Dark, dirge like vocals are the first sounds heard on the mixtape, creating a vibe that is as haunting as it is regal. Whereas “Palace” welcomed new listeners to A$AP Rocky with bombastic and swaggering  choral voices, “YMG” drops audiences into a cold, joyless cathedral, where light hasn’t shone in years. About three seconds into the song, Maxo begins to speak, but he is pitched down and sounds almost demonic. Once the rapping starts, it feels like he is the only person in this world who has any emotions, and unfortunately for us, they are all grim. This ambiance is the result of blunt realism and his questionable past, which is the launching pad for majority of the  fourteen tracks and is felt throughout the project.

The video for “Lewinsky” is ridiculously sinister and interesting, thanks to the songs immoral nature. Maxo murders this hopelessly dope beat, flexing his lyrical ability and showing off his “I don’t give a f**k” attitude; spitting some truly horrifying lines in the most emotionless non-nonchalant manner, “I know I’m Christ, but I got the Devil in me.” “I’ll be  hitting more licks than Lewinsky/ Shoot a glock at a cop, tell him come get me/ On the block, slinging bars like a penitentiary/ Had a glock, sold pot in elementary,” geez, my dude was packing heat and dealing drugs in grade school. What makes the whole song so chilling, is the fact that he shows no signs of remorse or excitement, its just his life–business as usual. Even when Chief Keef says grimy lines, he seems to feel something, either excitement or regret; Maxo does not, total apathy. “Lewinsky” is definitely the most impressive track on the mixtape, but it has some great company.

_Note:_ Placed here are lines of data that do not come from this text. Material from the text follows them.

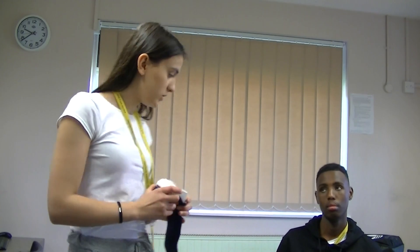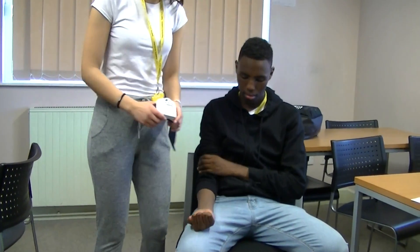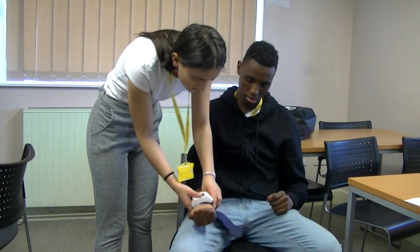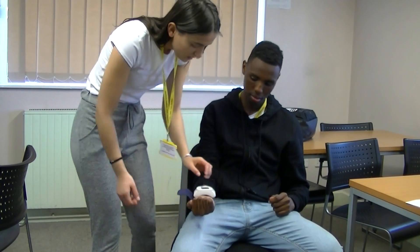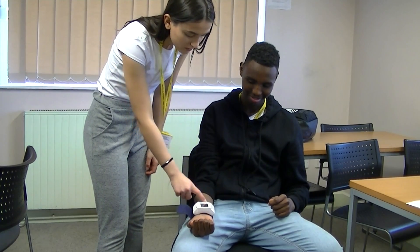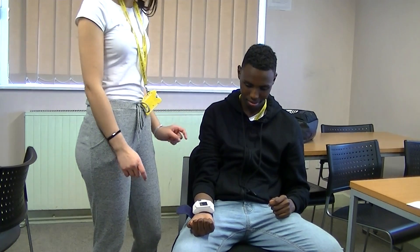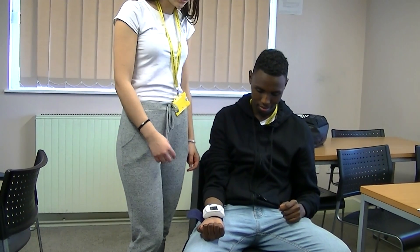I'm going to test the blood pressure using the blood pressure monitor on my client. I'm going to test it on the inside of his arm where it measures the pulse. He has his arm at a 90-degree angle so the blood is not flowing backwards — it's just normal.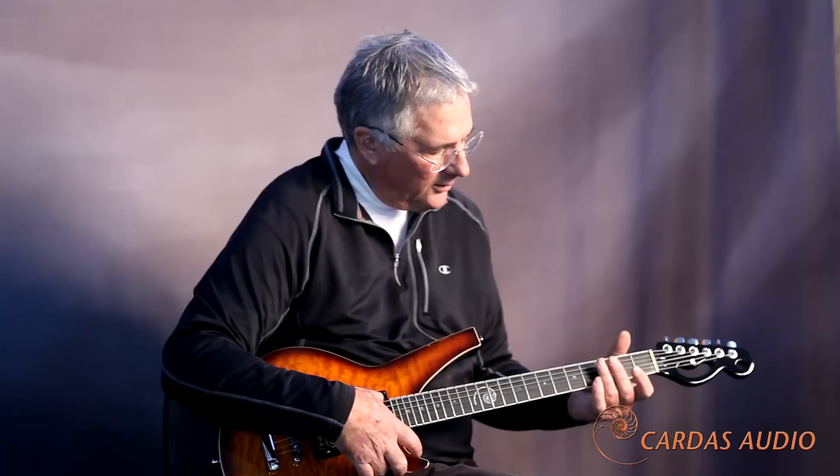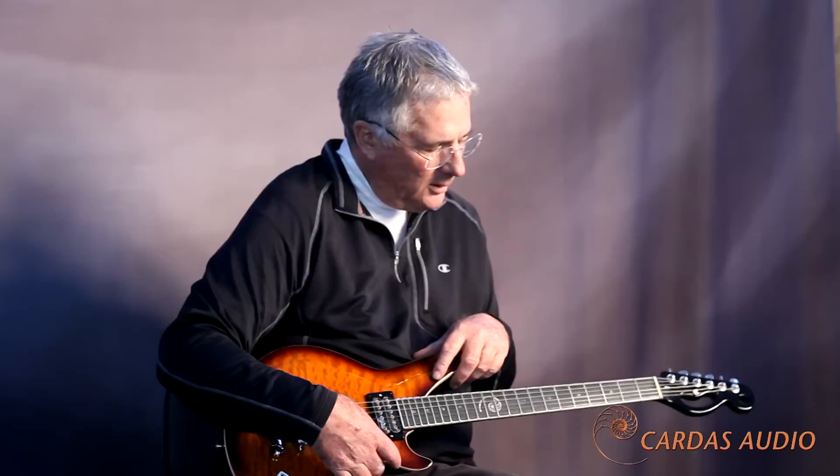My first approach here — the first thing I noticed about these things was the pickups themselves were interfering with the process. For one thing, they killed the sustain. This guitar has tons of sustain. Mainly what's sustaining — predominantly, obviously — is the overtones.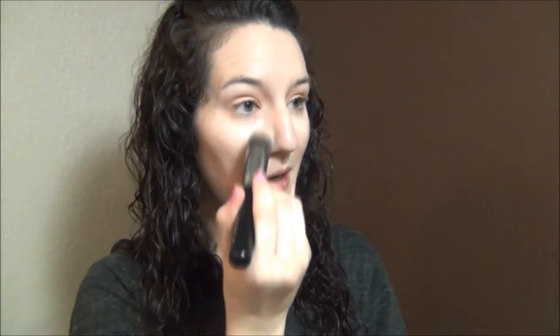Taking my MAC Prep + Prime Highlighter in Radiant Rose — the more pinky one — and putting that underneath my eyes just a little bit. Then going into my NYX High Definition Concealer in shade CW03 Light Pale and putting that on top, just under my eyes, and also touching up any redness. I'm using the same Sigma Tapered Kabuki F86 brush.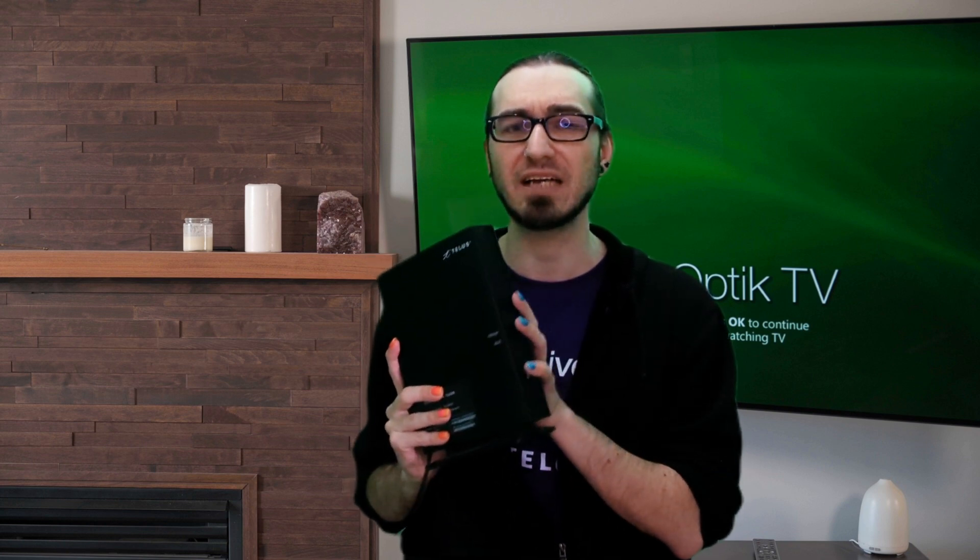Now, if the issue does persist, we're going to check the hardware within your home. For that, you're going to have to find your modem — for me, it just happens to be right here. This is the Actiontec, but you might have one of our hubs. These steps are going to be the same regardless, so don't worry. Go ahead and find your modem and have a look at the front. You're going to look for either one or two green lights. If it's green, excellent. If it's yellow, red, purple, blue — anything other than green — we're going to go ahead and reboot it.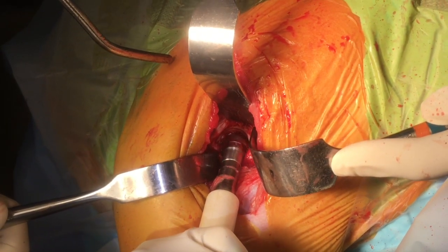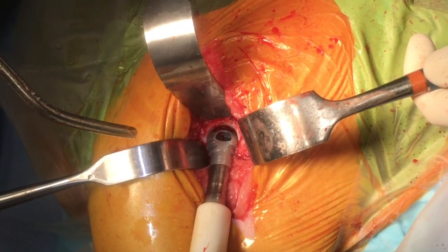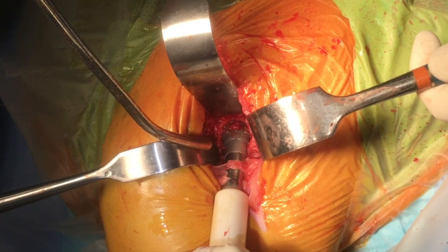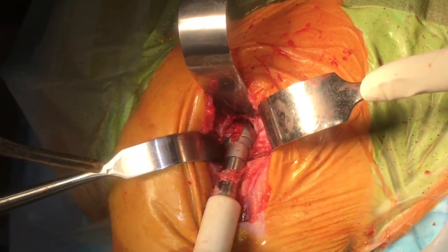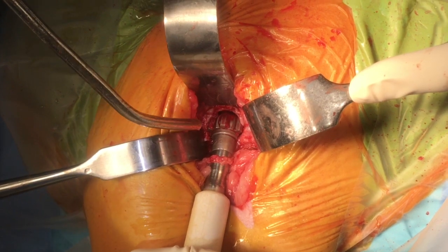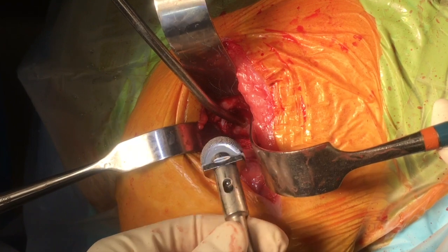We are now ready to ream, ensuring the reamer stays central and does not drift too dorsally, which is the tendency. Reamers are progressively increased in size, checking that we are at the appropriate level within the acetabulum. The finisher reamer is applied, ensuring the same orientation is maintained with each size.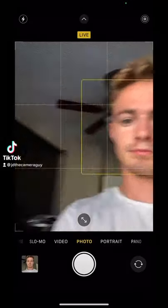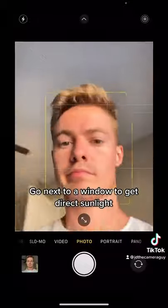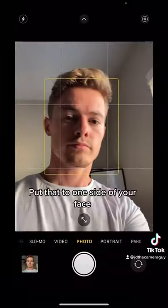Still taking your selfies like this? Stop taking them like this. Take it like this instead. Go next to a window so you get some direct sunlight, and put that over to one side of your face.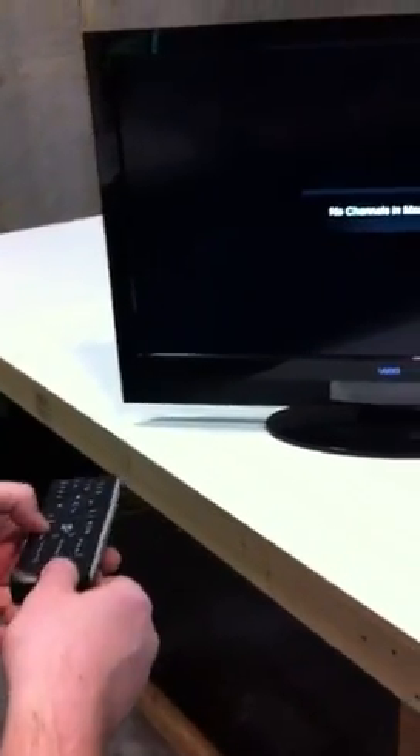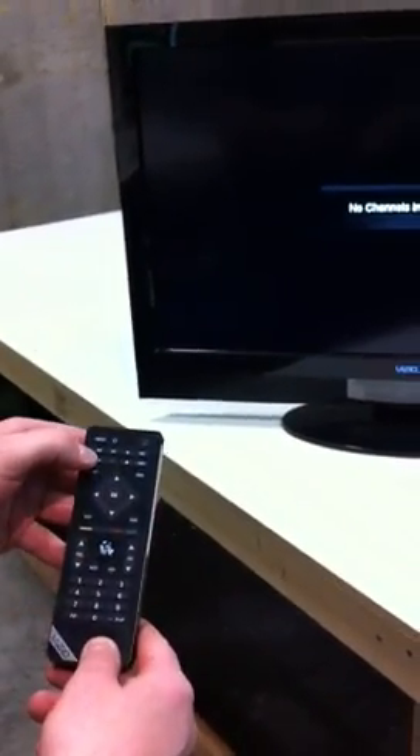Hello. If you're having an issue with your Vizio remote not working, just like this one's not, simple pairing process.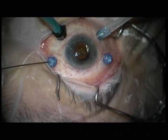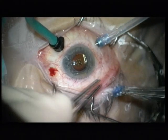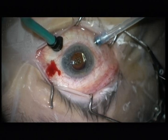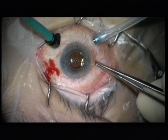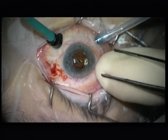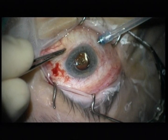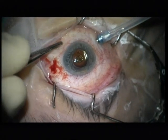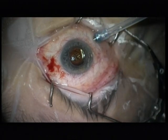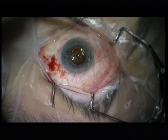Now injection of SF6 20% and removal of the trocars. This is the nicest thing about 27 gauge — it's not the surgery itself, but the postoperative behavior of the eye: good pressure, no leakage, good tamponade. Perfect for detachment surgery, and especially for detachment surgery of long eyes. I always used to suture these eyes with 23 gauge. I don't like sutures — that's why I like 27 gauge. Thank you very much.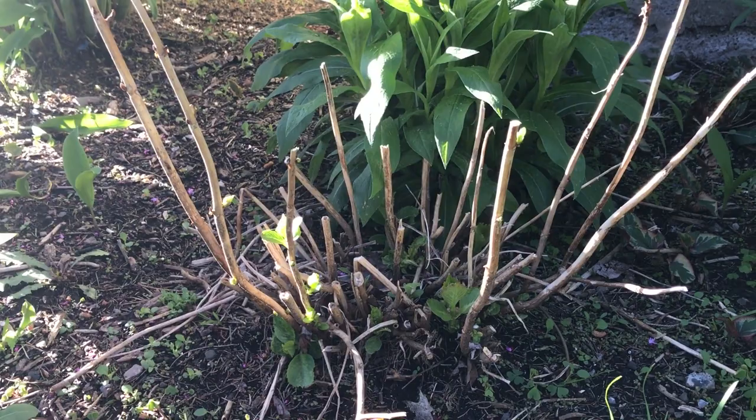Hopefully that helps demystify some of the old growth and new growth questions we get in the garden center about hydrangeas. Until we see you again, this has been your Dickman Farms smart gardening tip.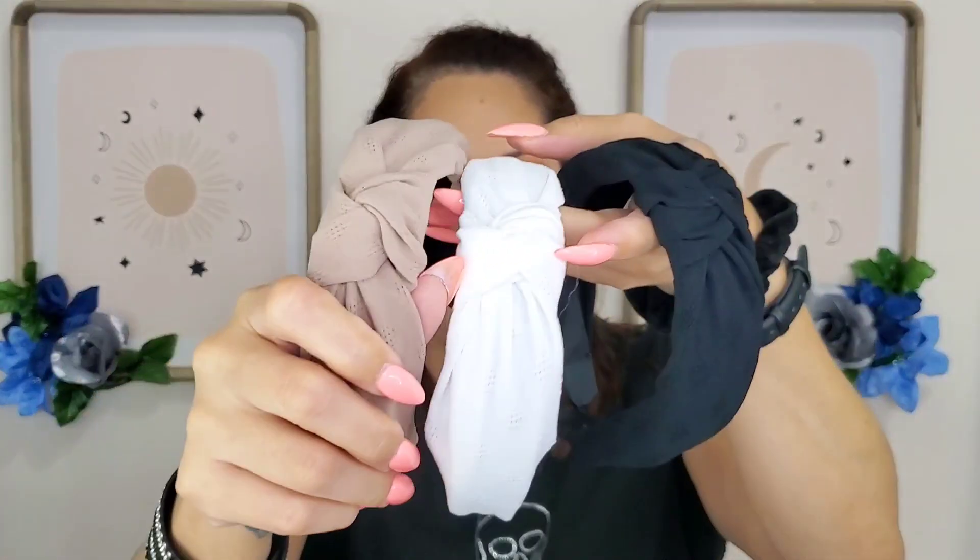The next one comes with three and I thought it was great because it has three different colors. These will go well with anything so you don't have to worry. It was cute and I didn't have a color like this — I never have white — so I thought I'd get that. With these you can't go wrong.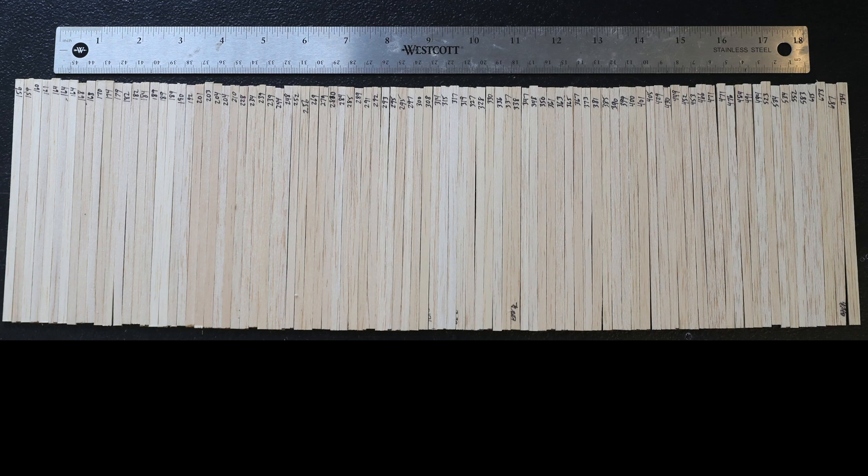Balsa wood is an incredible material. Not only does it rival metal in its structural efficiency, but there's a massive range of densities to choose from. Here is a series of balsa strips all cut to the exact same size, arranged from least to most dense.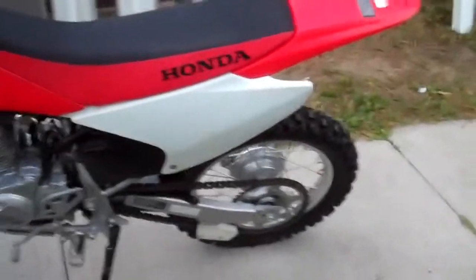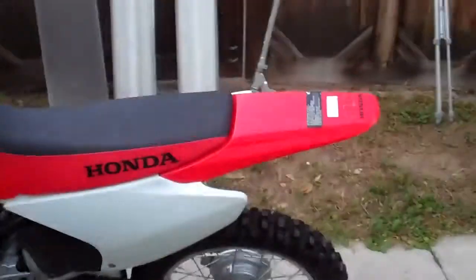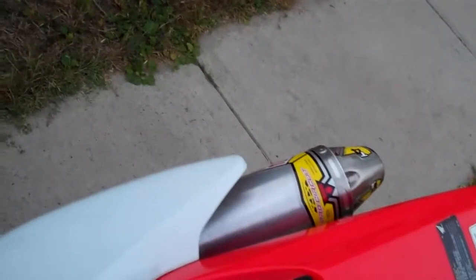There you go — Honda CRF 150F. Comment your opinions on the bike, like it, and yup, that's it. Alright, thanks for watching guys.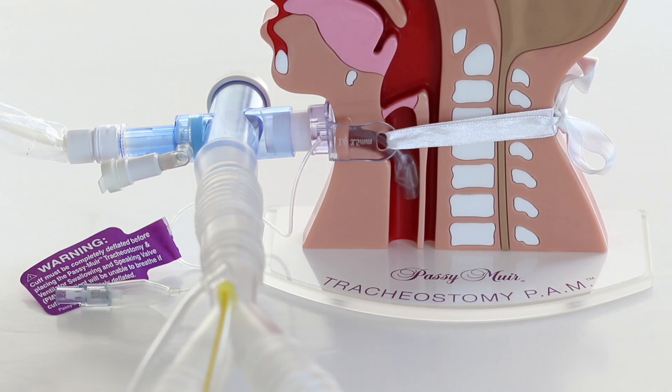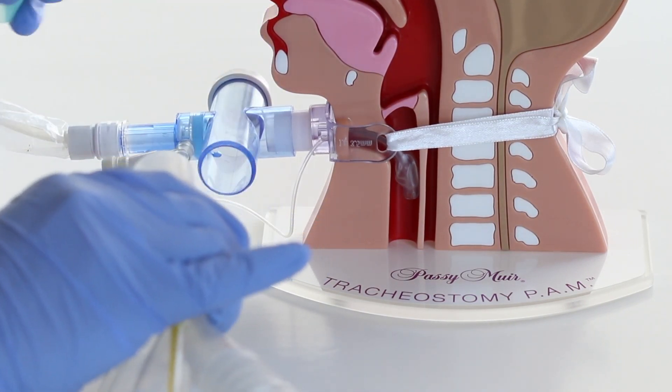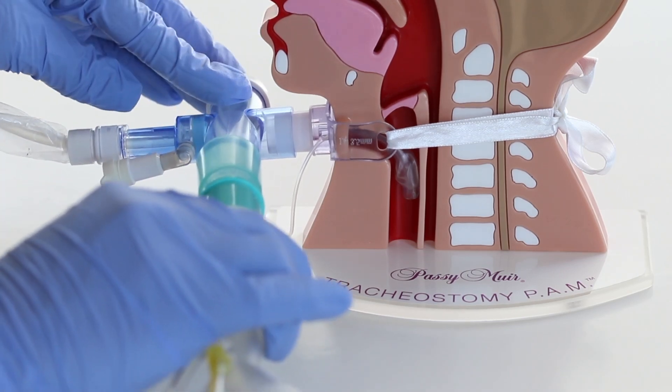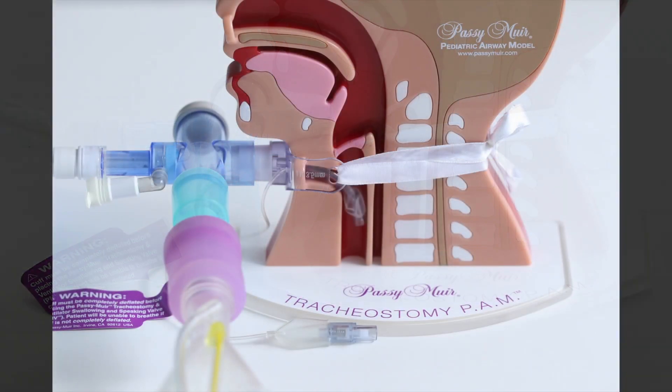Attach the 22 millimeter end of the step-down adapter to the in-line suction catheter and the PMV007 to the 15 millimeter end of the in-line suction catheter. Use 22 millimeter corrugated tubing to place the PMV into the ventilator circuit.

“Silentgr52ve”, “Hella Yellas”, “Purple City Stars”,  and “Randy Moss Freestyle” are all manifestation of the trill sound that we have come to expect from the Third Coast. “Hella Yellas” is one of the funnier moments on the album, dedicated to all of the light skin women that he has hooked up with, who are in turn jealous of the attention he shows his yellow cars. The production on the track is more up beat, but it contains the chopped and screwed vocals helping it to still feel laid back. “Silentgr52ve” beat is what I imagine the moments before slipping into a coma feels like; so overcome by some chemical high that you can’t move an inch, but instead of feeling trapped, you find yourself enjoying it. He isn’t focused on smoking on this one though, instead, he rhymes about his clique and their killer movements on the streets. It has a dope old school, yet ethereal feel to it.  “Purple City Stars” has a cool pimp vibe to it, but once again there are no games when it comes to Maxo’s crew. Instead of selling or macking on women, he is stealing girls and grinding to get money. A little weird,but really dope, another standout track.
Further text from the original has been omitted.